> _Record excerpts_
****************************************

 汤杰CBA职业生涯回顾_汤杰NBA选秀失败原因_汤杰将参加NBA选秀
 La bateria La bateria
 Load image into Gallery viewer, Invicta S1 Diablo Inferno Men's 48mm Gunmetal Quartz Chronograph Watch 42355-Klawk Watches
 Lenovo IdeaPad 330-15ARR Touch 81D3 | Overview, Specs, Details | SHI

****************************************

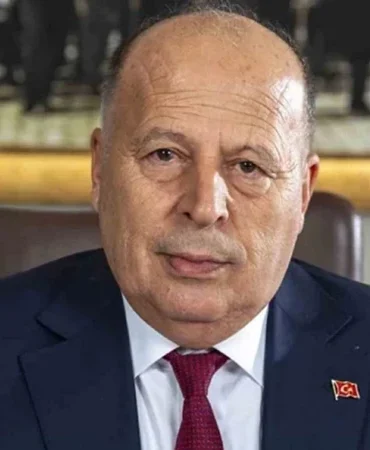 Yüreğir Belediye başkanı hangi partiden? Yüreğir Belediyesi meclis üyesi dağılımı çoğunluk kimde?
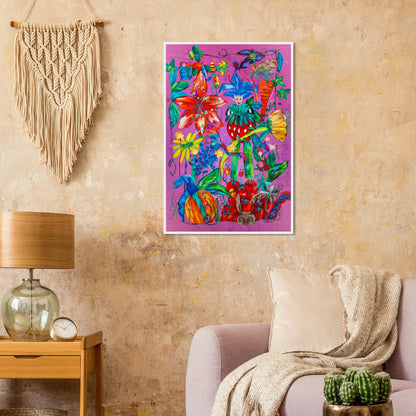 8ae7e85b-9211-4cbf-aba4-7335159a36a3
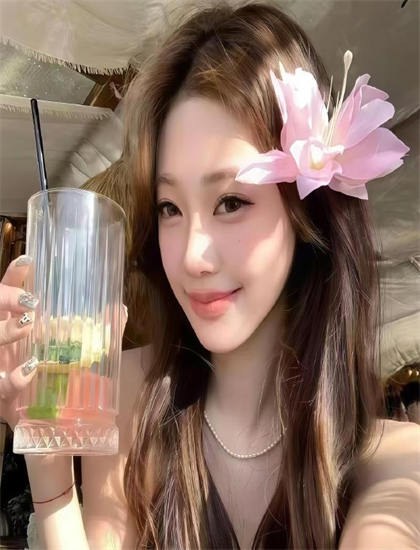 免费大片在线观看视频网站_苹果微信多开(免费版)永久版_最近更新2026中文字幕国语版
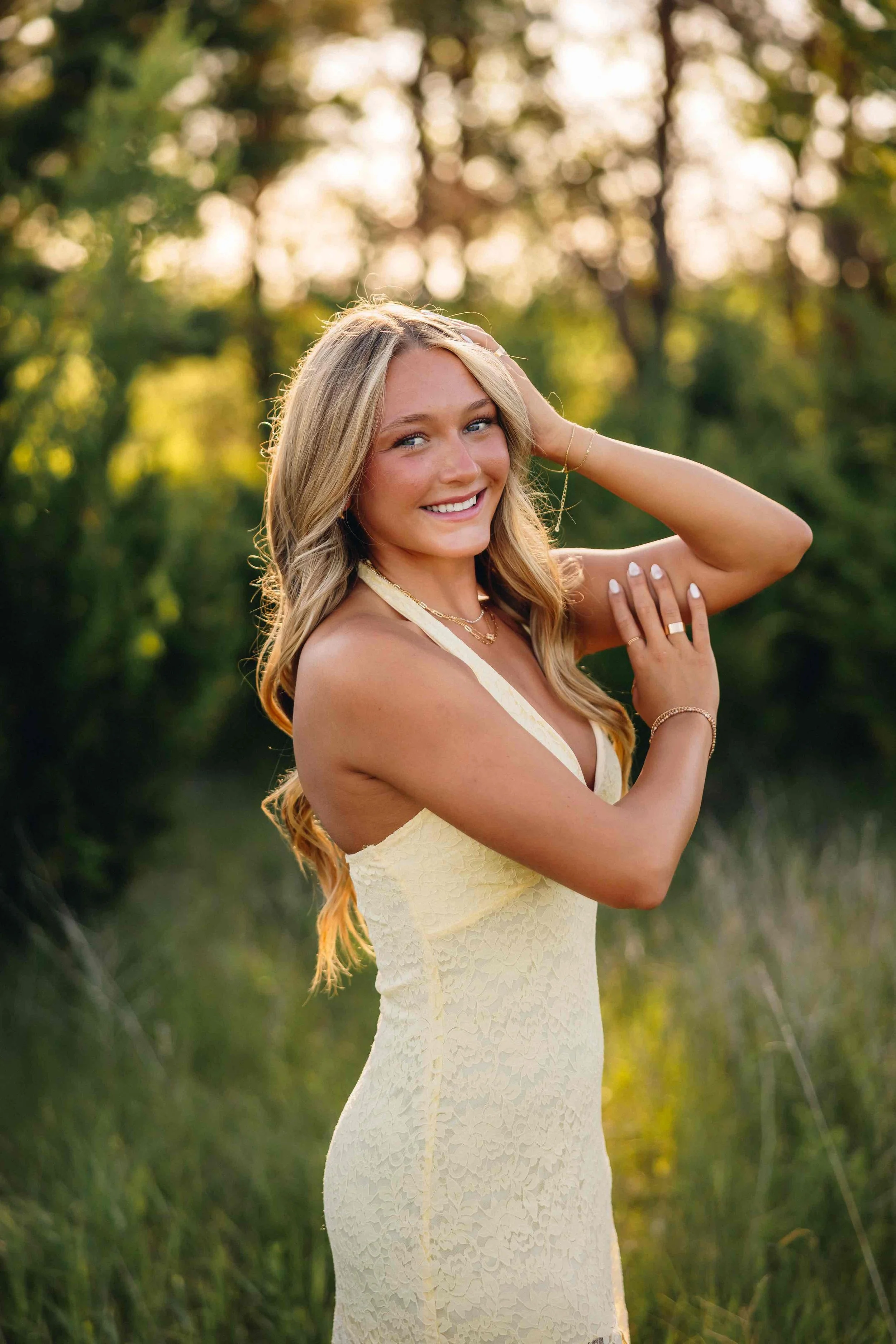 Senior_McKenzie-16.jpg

****************************************

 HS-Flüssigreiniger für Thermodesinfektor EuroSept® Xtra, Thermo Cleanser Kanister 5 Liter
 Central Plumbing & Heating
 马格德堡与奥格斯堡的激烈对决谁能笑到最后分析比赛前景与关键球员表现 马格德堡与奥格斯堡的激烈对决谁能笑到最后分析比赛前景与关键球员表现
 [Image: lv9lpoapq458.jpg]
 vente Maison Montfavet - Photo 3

****************************************

> _Exercise directions_
Restate word for word the entries above from the line with "Load image into" through the line with "Lenovo IdeaPad 330-15ARR", inclusive, leaving out everything else.

> _Answer for the task_
 Load image into Gallery viewer, Invicta S1 Diablo Inferno Men's 48mm Gunmetal Quartz Chronograph Watch 42355-Klawk Watches
 Lenovo IdeaPad 330-15ARR Touch 81D3 | Overview, Specs, Details | SHI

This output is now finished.